Wool Fibres Readily Biodegrade in Marine Environments, Study Confirms
What happens to textile fibres once they enter freshwater systems and the sea? It’s a question that received scant attention until the recent rise of concern over microfibres. A substantial body of research firmly establishes how wool biodegrades on land, but far less was understood of its behaviour in the aquatic environment – until now.
Findings released by New Zealand research institute AgResearch now reveal the biodegradation rates of various textile fibres in the marine environment. The research, led by Dr Stewart Collie, followed the path of the fibres released by domestic laundry processes, examining how the breakdown process occurs.
• Both untreated wool and machine-washable wool were found to biodegrade readily in the marine environment, as did the cellulose-based viscose rayon. Synthetic fibres showed little or no biodegradation.
• Machine-washable wool – wool with a thin film applied to the surface to prevent felting– biodegraded even more quickly than untreated wool. Researchers believe that this is due to the loss of some of the wool fibre’s cuticle layer during the treatment process, rendering it more susceptible to microbial degradation.
• There was no evidence to support the idea that the polyamide resin used as part of the machine-washable treatment caused microfibre pollution.
Initial research on how wool biodegrades in marine environments was released in 1994, providing evidence for the theory that natural fibres are not harmful to our marine life and that they will naturally biodegrade, becoming part of the aquatic surroundings without causing any harm.
However, the actual process of biodegradation and the fate of textile finishes on the wool fibre remained a mystery, leading to the present research.
To measure the biodegradation, residues were examined using scanning electron microscopy and energy-dispersive X-ray spectroscopy.
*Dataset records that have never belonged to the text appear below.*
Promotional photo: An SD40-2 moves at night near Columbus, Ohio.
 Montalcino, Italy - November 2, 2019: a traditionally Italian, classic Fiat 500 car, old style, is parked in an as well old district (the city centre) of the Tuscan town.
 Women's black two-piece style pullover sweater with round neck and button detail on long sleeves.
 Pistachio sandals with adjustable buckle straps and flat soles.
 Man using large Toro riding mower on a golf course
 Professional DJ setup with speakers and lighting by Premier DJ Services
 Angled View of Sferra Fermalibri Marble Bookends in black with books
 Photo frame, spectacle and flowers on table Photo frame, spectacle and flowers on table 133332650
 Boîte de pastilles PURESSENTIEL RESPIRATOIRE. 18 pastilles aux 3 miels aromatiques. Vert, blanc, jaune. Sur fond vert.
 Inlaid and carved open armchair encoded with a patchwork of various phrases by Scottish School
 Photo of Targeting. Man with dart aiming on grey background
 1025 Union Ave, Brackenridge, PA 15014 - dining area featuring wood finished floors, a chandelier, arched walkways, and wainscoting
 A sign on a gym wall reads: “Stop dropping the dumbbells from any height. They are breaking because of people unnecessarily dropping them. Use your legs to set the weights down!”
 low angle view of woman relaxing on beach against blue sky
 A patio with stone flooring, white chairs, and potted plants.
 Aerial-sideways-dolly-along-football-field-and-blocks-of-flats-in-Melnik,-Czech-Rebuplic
The samples were comparable lightweight base layer fabrics made from two types of Merino wool, viscose rayon, polyester, nylon (polyamide), and polypropylene which had been shredded to remove interference from fabric structure effects.
The fabrics were washed repeatedly before testing to simulate a partial garment lifetime. Researchers then measured the average biodegradation of three samples for each fibre type relative to a control, namely readily biodegradable paper pulp.